A West Island woman is putting pressure on the Quebec government to change all place names in the province that have a racially offensive word.
Pierrefonds resident Rekeisha George she says can’t understand why it’s taking so long to have the N-word removed from Quebec landmarks, after the Quebec Toponymy Commission promised to strip French word nègre or its English equivalent all Quebec place names.
According to George, some of those names can still be found online.
“I looked to see if I could book a hotel for like next week for two people four days whatever,” she told Global News, “and you can for Nigger Rapids (near Gatineau).”
Other place names she said she found on maps include Lac à Ti-Nègre near Shawinigan, Lac du Nègre in Western Quebec and Le Buttereau-du-Nègre on Îles-de-la-Madeleine.
As a result, she launched a petition hoping to push the commission to officially change the names of these places.
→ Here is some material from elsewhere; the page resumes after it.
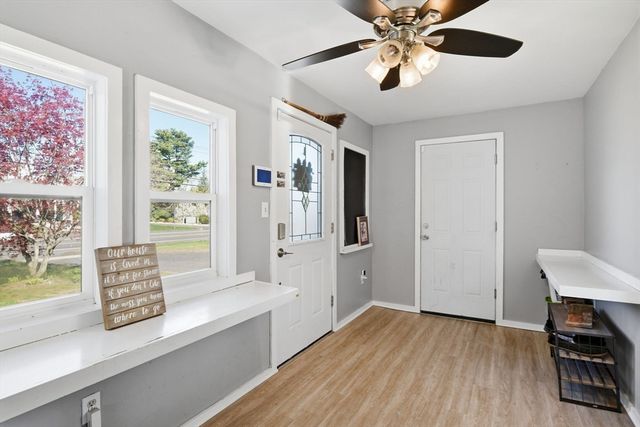 959 Main St, Agawam, MA 01001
“Because it’s offensive and it’s not a place that I personally would visit, no matter how pretty it is,” she pointed out.
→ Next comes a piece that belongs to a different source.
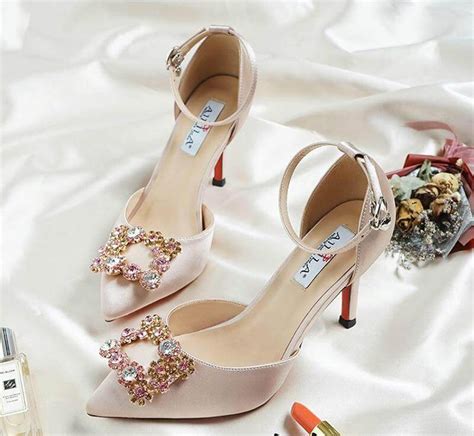 12 Types of Wedding Shoes for Bride | Happy Wedding App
George says she’s buoyed by other efforts to remove symbols of Black slavery and subjugation of Indigenous peoples, like the push to remove the statue of James McGill from the Montreal university which bears his name, because he owned slaves.
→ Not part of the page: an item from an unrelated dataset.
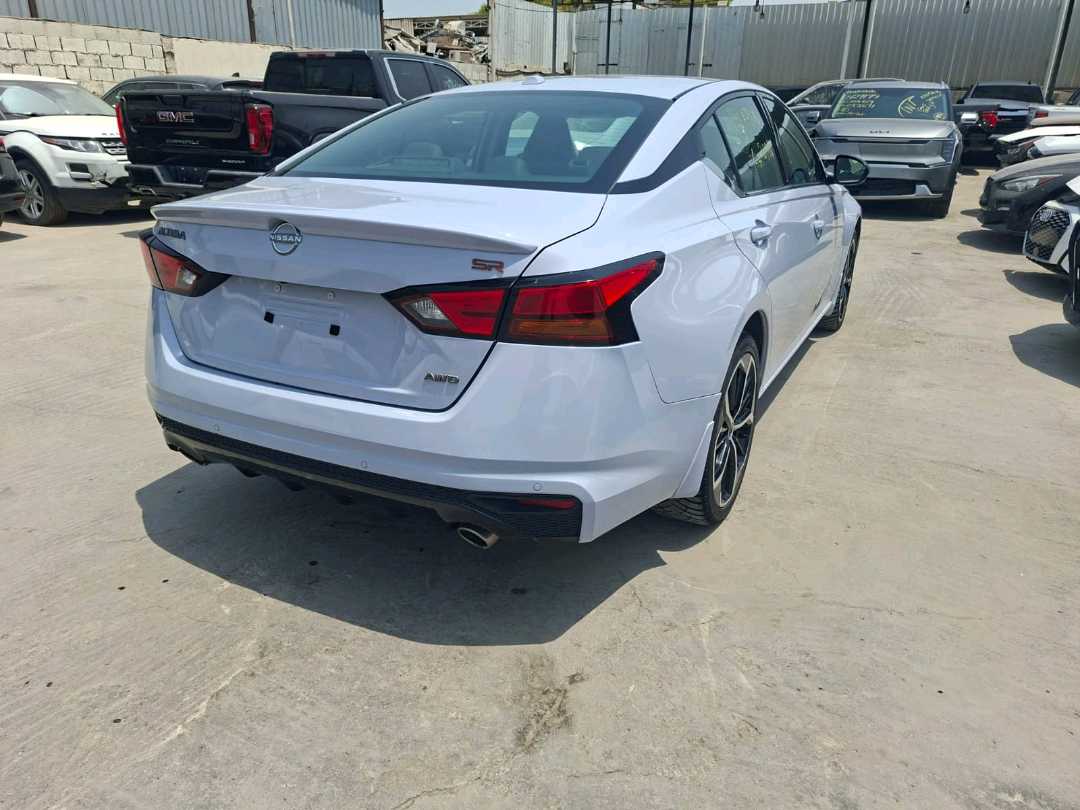 Car Image 2024 NISSAN ALTIMA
There are those, however, who caution against getting rid of the N-word in place names, saying doing so helps to erase the story of slavery in Canada.
“I believe that you cannot change history,” stressed Gabriel Bazin, vice-president of the Black Coalition of Quebec, “and I believe this name belongs to the Canadian heritage.”
His and other Black rights groups say places like ‘Nigger Rock’ near St. Armand, where Black slaves are thought to be buried, should keep the name. The groups want the location formally recognized as a historical site by the Canadian government.
George thinks there are other ways to preserve history.
“You can have history but you don’t necessarily need to use a derogatory word to promote that,” she insisted.
She concedes, though, that if the word was to remain in some cases, a plaque or other way of explaining the context of the word would be needed.
In a statement to Global News, Quebec Toponymy Commission spokesperson Chantal Bouchard said there are no official place names that contain either word, and that once the names were removed, the commission began the process of finding new names, but they haven’t set a deadline.
“Until now, only Lake Shawinigan (Lac à Ti-Nègre) has been officially replaced by the name Lac Honoré-Gélinas,” Bouchard wrote.
“The Commission examines any replacement proposal submitted to it.”
She continued, “… the names concerned no longer appear on official maps of the Government of Quebec or in signage. Despite the Commission’s efforts, these names may still appear in certain places, in particular on certain cards produced by private publishers.
“The Commission, which has no legal authority to compel private card publishers, has repeatedly asked Google to remove the names, but without success. Other bodies, such as RCMs and municipalities, have also asked Google to remove these names. They did not succeed.”
Bouchard said anyone can check the commission’s website to see if a name is still official.